El muerto como parásito lleva a revivir muchas veces de


manera delirante y durante el tiempo que dure el duelo,
todo lo que desde el comienzo parasita nuestra propia vida
y que se confunde con lo que en ella hay de incurable
porque constituye ese luto del que nunca acabamos de
desprendernos, el duelo por nuestra propia existencia.
_________________
1. J. Lacan, El seminario. Libro 10. La Angustia, Paidós, Bs.
As., 2006, p. 155.
2. En la versión oficial del seminario quinto, “Formaciones
del inconsciente”, Paidós, Bs. As. 1999, clase del 23 de abril
de 1953, p.359, párrafo final, la fórmula del amor es la
siguiente: “dar lo que no se tiene, es dar lo que no tiene, el
falo, a un ser que no lo es”. En las versiones no oficiales,
que circularon mucho antes que ésta, la fórmula es la
misma, salvo la cláusula “... a un ser que no lo es”. Entre
una y otra expresión no hay diferencias teóricas señalables
y hasta se podría decir que en la expresión “dar lo que no
se tiene” es tácita la admisión que aquel que recibe el falo
no lo es en modo alguno.
No obstante, señalo las divergencias porque ha dado lugar
a no pocas polémicas. ¿Qué dijo “verdaderamente” Lacan?

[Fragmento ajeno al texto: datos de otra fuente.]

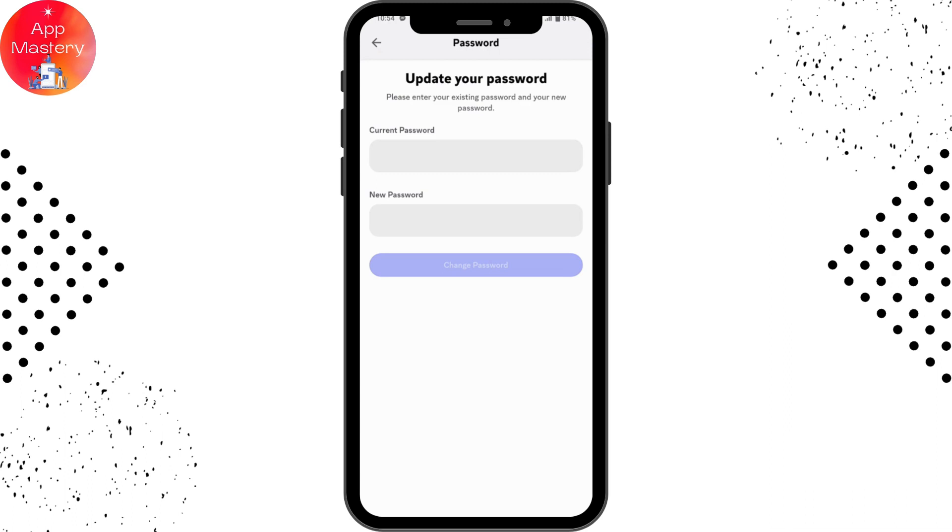That's how you secure your account on Discord, and that's how you set a password on Discord. If you have any questions, feel free to comment below. Thanks for watching.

Eso es algo a lo que no voy a contestar, ya que cualquier
respuesta nos introduciría en el infierno de descubrir la
presunta “ verdadera palabra” y las querellas religiosas que
están en juego. O, en todo caso, la verdad de la palabra no
es otra cosa que lo que yace entre las líneas de las diversas
versiones, autorizadas, desautorizadas, oficiales, oficiosas,
problemáticas, insostenibles.
3. Filósofos como Adorno, quien ha fundado su obra en la
preeminencia del objeto, escapan a esta crítica.

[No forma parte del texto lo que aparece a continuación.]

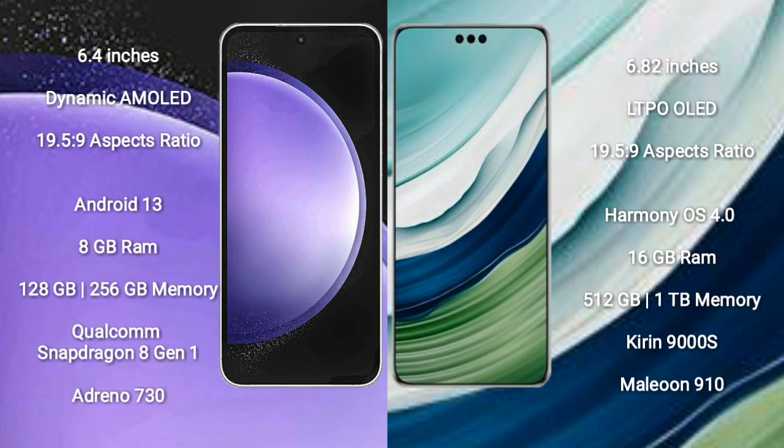Samsung Galaxy S23 FE runs on the Android 13 operating system. Huawei Mate 60 Pro Plus runs on the HarmonyOS operating system.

4. La llamada “cosificación” es falsa porque en todos los
casos intenta preservar una supuesta “intimidad” al margen
de todas las cristalizaciones sin las cuales no hay sujeto.

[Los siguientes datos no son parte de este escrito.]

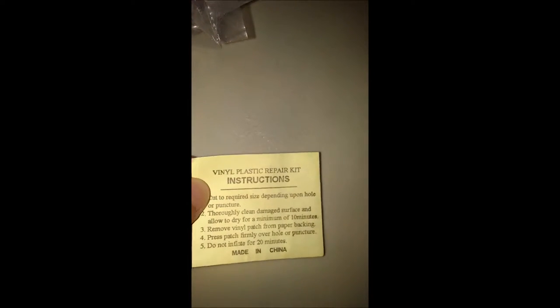This little piece of paper here, this little sticker, actually has vinyl on the back. So if you do pop a hole, here is your vinyl plastic repair kit.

5. Según el espiritismo, el médium es un agente,
generalmente mujer y ostensiblemente histérica, que ofrece
su cuerpo para la encarnación momentánea de los
espectros de Otro mundo. Más allá del oscurantismo de
esta concepción propia del siglo XIX y quizá de la histeria
en su momento histórico de apogeo, hay allí un síntoma
que podemos, como todo síntoma, tomar en serio. Si el
fantasma es un marco para la identificación con objetos
libidinales, esos objetos, cuando quedan efectivamente
incorporados a la vida inconsciente del sujeto, se
transforman en objetos mediúmnicos, voces y miradas a
través de las cuales se reflejan y deforman las voces y los
aspectos del mundo. Es el fundamento de la fascinación.
6. En la obra de Marsilio Ficino, el spiritus, que es
pneumático, es decir, aéreo, soplo vital, es un eslabón
entre la gravedad de la materia, porque es más sutil que
ésta, y la liviandad del alma, porque es más grosero que
ésta. El vocablo, ya se sabe, tiene vasta resonancia:
hablamos, por ejemplo, del espíritu del vino, de su
capacidad de embriagarnos.
7. La expresión le pertenece a Maurice Maeterlinck.